Dec 12, 2022

Buddy, Can You Spare A Bagel?



Buddies New York Bagels
Route 93 - West Hazleton, PA
I've driven past this bagel shop next to Pizza Hut in my hometown at least a thousand times without ever stopping in.  The biggest reason is because it's kind of a pain in the ass to get there when they're open.  The restaurant is tucked away in a little area that's only accessible if you're headed northbound on Route 93 through Hazleton, which is not a road that I've had to take very often in my commute to school or work too often.  Since there are plenty of similar places that were much more convenient, going out of my way to stop here wasn't really even a consideration.  I would probably have stopped sometime after work, but Buddies Bagels closes at around 4:00 pm, so that wasn't going to happen either.

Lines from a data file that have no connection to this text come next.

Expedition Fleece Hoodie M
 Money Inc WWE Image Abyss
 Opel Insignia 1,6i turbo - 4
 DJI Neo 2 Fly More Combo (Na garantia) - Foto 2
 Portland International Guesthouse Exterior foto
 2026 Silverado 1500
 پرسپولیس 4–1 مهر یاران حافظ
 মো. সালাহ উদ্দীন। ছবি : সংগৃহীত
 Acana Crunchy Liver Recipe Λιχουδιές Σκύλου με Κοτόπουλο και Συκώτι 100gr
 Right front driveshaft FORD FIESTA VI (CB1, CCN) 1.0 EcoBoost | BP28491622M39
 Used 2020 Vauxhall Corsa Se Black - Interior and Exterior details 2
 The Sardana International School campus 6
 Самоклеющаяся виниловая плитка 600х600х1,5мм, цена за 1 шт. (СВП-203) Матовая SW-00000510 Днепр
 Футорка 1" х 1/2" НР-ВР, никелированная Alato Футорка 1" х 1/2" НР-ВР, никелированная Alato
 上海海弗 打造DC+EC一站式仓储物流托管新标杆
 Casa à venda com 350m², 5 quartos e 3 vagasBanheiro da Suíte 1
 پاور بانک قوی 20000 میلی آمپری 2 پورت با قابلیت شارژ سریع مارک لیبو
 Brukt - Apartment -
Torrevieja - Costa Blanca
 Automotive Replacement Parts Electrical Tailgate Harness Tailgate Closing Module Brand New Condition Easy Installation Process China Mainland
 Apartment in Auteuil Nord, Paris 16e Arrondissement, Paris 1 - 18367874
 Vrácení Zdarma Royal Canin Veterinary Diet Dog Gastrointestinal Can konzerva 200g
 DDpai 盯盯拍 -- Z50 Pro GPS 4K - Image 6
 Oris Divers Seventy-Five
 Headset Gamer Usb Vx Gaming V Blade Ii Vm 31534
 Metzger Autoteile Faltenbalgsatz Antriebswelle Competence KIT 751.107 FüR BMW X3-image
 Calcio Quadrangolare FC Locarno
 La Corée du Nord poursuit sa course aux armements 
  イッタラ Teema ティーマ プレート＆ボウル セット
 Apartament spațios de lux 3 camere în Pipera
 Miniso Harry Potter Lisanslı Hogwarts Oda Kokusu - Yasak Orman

Neither of these are insurmountable obstacles, but the real reason I never went out of my way to stop here is that I'm really not much of a connoisseur of breads and bagels.  It's not that I dislike them, but I can't really tell the difference between the high quality expensive breads and the cheap ones.  When I was 20 years old, I spent a weekend in New York City with the girl I was dating at the time and some of our friends.  Everyone in our group insisted that we have to get a bagel at some little shop whose name I have long since forgotten.  They said it was the place where David Letterman got his bagels, and that I haven't really had a bagel until I've had one from this place.  So we went, and I had a bagel, and it was pretty good.  I went along with their ravings about how wonderful it was out of politeness, but if I'm being perfectly honest, I didn't think that the bagel I had there was too much different from the ones I get at the grocery store.  That's kind of the way I feel about bread in general.  Sure, some are softer and more flavorful than others, but my perception of the taste difference between the most expensive artisan bread I've ever eaten and a slice of plain old grocery store bread is pretty insignificant.  It's the same way I feel about Coke vs. Pepsi or Sprite vs. Sierra Mist.  I'll take whatever you got and be happy with it.

Standard Speaker - Hazleton, PA  (February 4, 2004)

Still, this bagel shop must be doing something right to be able to stay in business in that location for as long as they have.  Plenty of other places that have occupied that same spot have come and gone over the years, including a restaurant called El Pancho Villa Steak House.  This was a place that my dad worked in the summer of 1978 when he was home from college.  He told me that they had a line going out of the front door of customers who came to get their fried chicken, but the place was dead after about a year and it went out of business before I was born.  There have been at least two or three other restaurants in that spot since I've been alive, and none of them seemed to be able to stick around for very long.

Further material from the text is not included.